DOCTRINAL AND ETHICAL

1. God does not only forgive the special sins of individuals, He blots out also the common transgressions of a whole people, and removes their common guilt in the dispensation of His mercy. This gracious dealing does not, however, make provision for the future transgression of the same people. But the compassion before experienced encourages to prayer for a repeated turning away of His anger, and strengthens the hope of renewed blessing. And therefore must God’s people be mindful of the one when they are reminded of the other, and make both subserve the building up of the Church.

2. But, in order to realize this aim, it is above all necessary, that they be intent upon hearing what God says. For this purpose they do not require any new revelation from Him, but can resort to His words, familiar as they have so long been to His people, and expound and apply them for the instruction and consolation and warning and exhortation of themselves and others. For His word as a testimony to His truth not only agrees in all its parts with itself, it satisfies also the needs of His people, and answers perfectly the purposes of God. For it reveals His thoughts of salvation and peace, and announces their actual fulfilment in the world by the advent of righteousness, which it shows to be caused not merely by His general dispensation of favor and mercy, but specially by His glory dwelling upon earth. And thus the history of revelation becomes a history of redemption, and all of a Messianic character.

HOMILETICAL AND PRACTICAL

It is good to hear the word of God, but His people must also govern their lives thereby.—We cannot meditate upon the mercy of God, without being reminded of the sins of ourselves and others; may both of them urge us to true penitence and to lively faith!—In spite of all the tokens of God’s mercy, sin has not yet disappeared from the world; but mercy is still stronger than sin.—The well-being of a nation is derived from the dwelling of God’s glory in it.—God has thoughts of peace in relation to His people, and fulfils them in conformity with His truth, but always in harmony with His righteousness.—Many ask to be spared from the anger of God, and most dread the consequences of sin, but salvation is high only to those who fear God.—God must bless the land if it is to yield its fruit; but the best fruits are those of righteousness, which are pleasing to God, and are the results of His working.—Whatever we have on earth that is good comes down from heaven.

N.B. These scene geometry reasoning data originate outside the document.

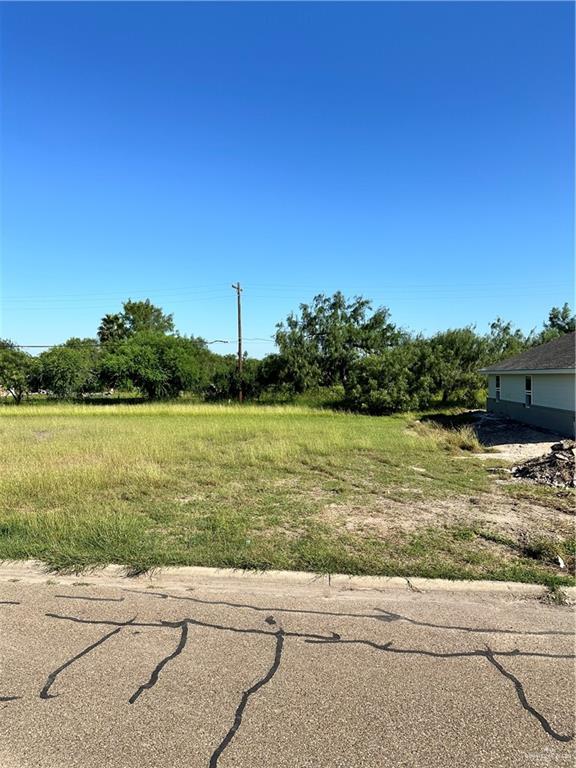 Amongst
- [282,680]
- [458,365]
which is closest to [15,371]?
[458,365]

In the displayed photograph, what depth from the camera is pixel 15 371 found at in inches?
1630

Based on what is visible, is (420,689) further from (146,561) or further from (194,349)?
(194,349)

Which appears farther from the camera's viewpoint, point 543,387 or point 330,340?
point 330,340

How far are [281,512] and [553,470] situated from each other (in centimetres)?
613

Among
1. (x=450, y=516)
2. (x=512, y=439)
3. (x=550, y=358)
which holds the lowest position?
(x=512, y=439)

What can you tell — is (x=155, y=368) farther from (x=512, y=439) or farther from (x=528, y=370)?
(x=512, y=439)

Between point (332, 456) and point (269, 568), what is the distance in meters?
7.46

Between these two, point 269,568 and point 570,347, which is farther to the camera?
point 570,347

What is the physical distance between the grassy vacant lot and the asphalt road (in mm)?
828

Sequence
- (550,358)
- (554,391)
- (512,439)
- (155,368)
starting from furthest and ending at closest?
(155,368) < (550,358) < (554,391) < (512,439)

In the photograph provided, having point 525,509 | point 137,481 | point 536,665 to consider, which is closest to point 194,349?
point 137,481

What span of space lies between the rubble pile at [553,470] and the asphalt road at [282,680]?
604cm

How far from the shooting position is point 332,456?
11844 mm

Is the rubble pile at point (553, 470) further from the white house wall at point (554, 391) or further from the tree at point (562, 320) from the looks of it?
the tree at point (562, 320) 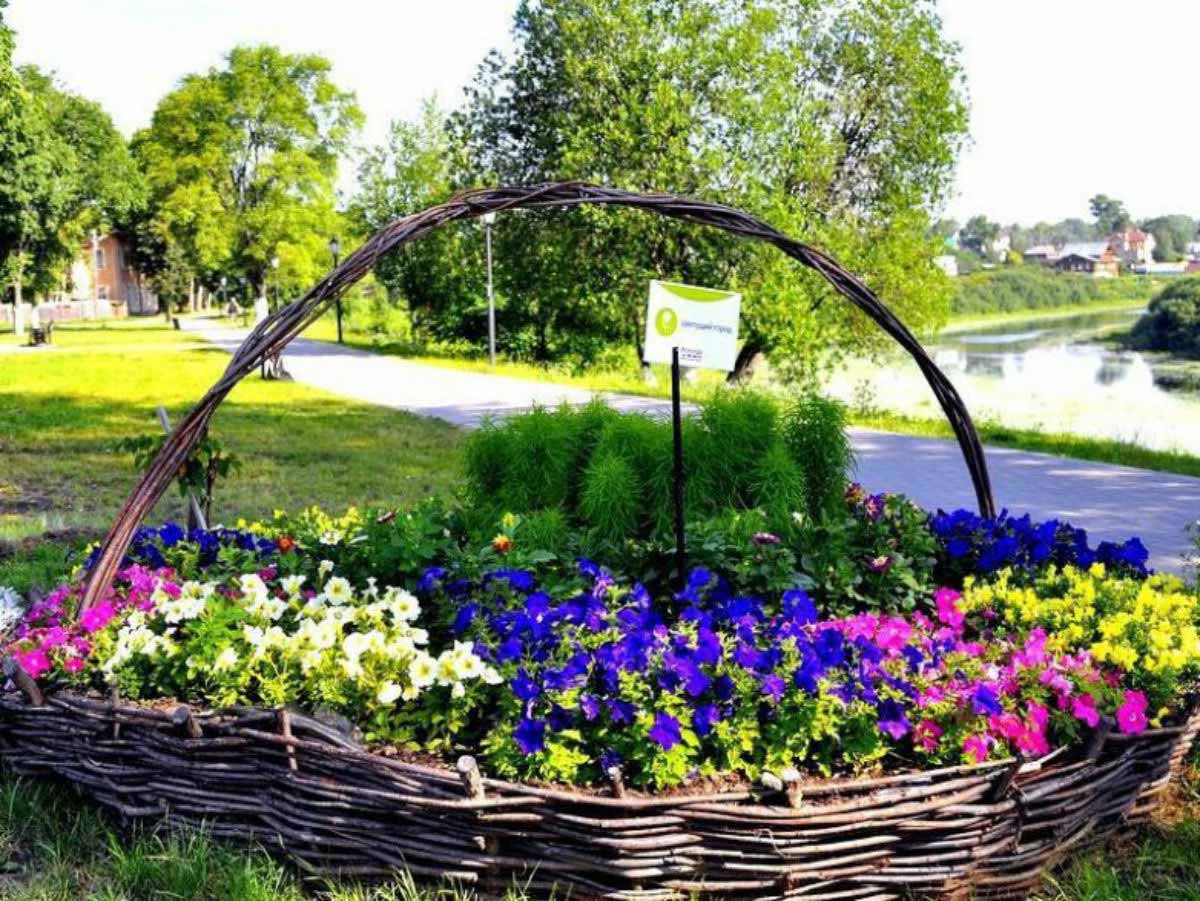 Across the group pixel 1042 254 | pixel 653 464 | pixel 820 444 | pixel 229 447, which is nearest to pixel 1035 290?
pixel 1042 254

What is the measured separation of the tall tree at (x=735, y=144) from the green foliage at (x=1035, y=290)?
1835 cm

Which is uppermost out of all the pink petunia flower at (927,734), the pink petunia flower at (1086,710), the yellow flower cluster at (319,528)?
the yellow flower cluster at (319,528)

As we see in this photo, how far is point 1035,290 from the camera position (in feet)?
159

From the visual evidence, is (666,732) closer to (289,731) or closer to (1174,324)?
(289,731)

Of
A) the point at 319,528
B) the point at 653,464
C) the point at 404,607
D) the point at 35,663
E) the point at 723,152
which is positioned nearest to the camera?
the point at 35,663

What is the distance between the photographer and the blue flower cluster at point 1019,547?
389 centimetres

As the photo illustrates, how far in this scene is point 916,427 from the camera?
1309 cm

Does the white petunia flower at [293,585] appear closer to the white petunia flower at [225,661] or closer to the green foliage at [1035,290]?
the white petunia flower at [225,661]

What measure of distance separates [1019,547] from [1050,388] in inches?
684

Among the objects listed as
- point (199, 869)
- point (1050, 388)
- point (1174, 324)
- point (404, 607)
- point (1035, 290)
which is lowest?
point (199, 869)

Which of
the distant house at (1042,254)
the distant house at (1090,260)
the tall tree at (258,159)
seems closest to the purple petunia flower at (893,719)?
the tall tree at (258,159)

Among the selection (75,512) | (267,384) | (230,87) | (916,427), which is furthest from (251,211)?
(75,512)

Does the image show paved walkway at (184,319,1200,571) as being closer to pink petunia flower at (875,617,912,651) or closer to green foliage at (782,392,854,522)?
green foliage at (782,392,854,522)

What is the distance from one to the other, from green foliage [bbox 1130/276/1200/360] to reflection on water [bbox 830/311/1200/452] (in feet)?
4.89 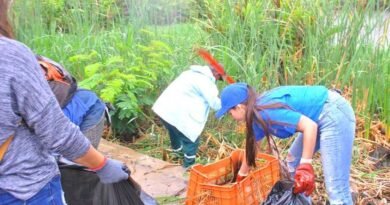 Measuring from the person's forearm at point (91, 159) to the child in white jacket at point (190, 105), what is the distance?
8.86ft

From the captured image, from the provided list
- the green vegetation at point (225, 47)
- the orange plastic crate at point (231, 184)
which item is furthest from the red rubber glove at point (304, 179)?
the green vegetation at point (225, 47)

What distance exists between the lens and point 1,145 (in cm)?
177

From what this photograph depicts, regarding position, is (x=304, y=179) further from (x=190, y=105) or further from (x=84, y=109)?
(x=190, y=105)

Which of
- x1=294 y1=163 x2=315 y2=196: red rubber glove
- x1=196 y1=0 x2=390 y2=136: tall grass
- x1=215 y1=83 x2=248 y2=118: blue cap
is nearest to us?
x1=294 y1=163 x2=315 y2=196: red rubber glove

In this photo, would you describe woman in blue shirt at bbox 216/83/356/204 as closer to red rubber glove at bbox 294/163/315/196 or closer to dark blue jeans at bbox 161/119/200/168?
red rubber glove at bbox 294/163/315/196

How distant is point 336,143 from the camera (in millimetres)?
3318

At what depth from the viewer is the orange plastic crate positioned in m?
3.29

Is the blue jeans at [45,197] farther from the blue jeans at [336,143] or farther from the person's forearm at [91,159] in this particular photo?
the blue jeans at [336,143]

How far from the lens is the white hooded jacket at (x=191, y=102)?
4738 millimetres

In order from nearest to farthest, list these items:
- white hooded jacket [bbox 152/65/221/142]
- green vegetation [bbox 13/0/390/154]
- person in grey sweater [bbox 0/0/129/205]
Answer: person in grey sweater [bbox 0/0/129/205] < white hooded jacket [bbox 152/65/221/142] < green vegetation [bbox 13/0/390/154]

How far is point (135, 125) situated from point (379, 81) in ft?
7.44

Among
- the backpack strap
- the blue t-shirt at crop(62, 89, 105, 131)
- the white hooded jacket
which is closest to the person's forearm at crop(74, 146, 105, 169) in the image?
the backpack strap

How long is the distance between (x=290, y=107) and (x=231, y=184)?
649 millimetres

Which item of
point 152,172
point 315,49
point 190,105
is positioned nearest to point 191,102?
point 190,105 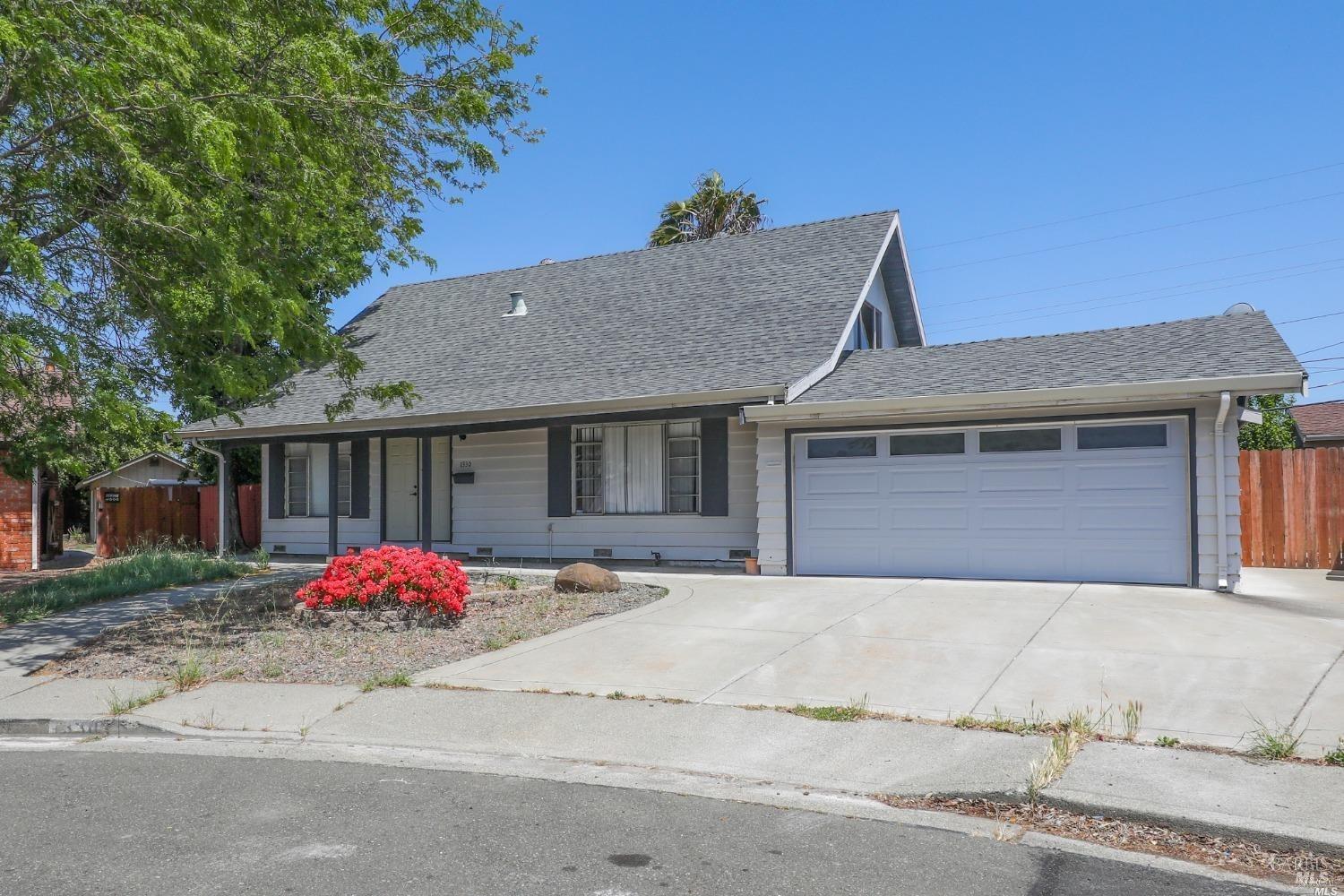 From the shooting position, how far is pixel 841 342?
1501 centimetres

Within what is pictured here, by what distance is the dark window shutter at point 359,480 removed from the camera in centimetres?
1827

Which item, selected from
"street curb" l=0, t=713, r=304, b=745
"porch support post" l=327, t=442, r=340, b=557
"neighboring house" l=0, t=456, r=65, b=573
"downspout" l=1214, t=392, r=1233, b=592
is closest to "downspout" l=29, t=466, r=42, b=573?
"neighboring house" l=0, t=456, r=65, b=573

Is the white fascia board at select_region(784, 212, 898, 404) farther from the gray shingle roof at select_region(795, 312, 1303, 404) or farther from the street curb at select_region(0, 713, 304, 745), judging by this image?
the street curb at select_region(0, 713, 304, 745)

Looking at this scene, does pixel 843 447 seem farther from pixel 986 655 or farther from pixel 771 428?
pixel 986 655

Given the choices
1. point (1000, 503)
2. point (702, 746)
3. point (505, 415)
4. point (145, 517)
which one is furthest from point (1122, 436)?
point (145, 517)

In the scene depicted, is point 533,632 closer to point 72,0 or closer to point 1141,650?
point 1141,650

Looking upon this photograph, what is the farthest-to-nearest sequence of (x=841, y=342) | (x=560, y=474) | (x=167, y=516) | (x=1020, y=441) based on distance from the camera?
(x=167, y=516)
(x=560, y=474)
(x=841, y=342)
(x=1020, y=441)

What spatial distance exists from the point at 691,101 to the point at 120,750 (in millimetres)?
17019

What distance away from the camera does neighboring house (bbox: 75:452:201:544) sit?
73.8 ft

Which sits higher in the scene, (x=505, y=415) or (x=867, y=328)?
(x=867, y=328)

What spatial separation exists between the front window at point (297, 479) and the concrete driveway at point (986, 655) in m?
10.4

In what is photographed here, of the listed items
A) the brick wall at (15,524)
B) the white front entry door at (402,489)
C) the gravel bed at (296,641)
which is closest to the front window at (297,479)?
the white front entry door at (402,489)

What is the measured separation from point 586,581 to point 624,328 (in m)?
6.23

Starke: The nearer men are to repentance the nearer are they to mercy; but the further away they are from conversion, the less do they receive of this treasure.—God’s mercy makes a joyful heart.—Honor paid to God results from His fear, and is largely increased by surpassing tokens of His help.—Righteousness is a fair ornament in a land, and a strong pillar upholding the government, the country, and the people; but righteousness and peace must stand together.—Frisch: God’s anger and displeasure will be averted in accordance with the conditions laid down by Himself, if men seek first in Him the grace of conversion, and not till then the alleviation and removal of punishment.—Tholuck: The sense of mercy must ever be as abiding as the feeling of guilt is deep.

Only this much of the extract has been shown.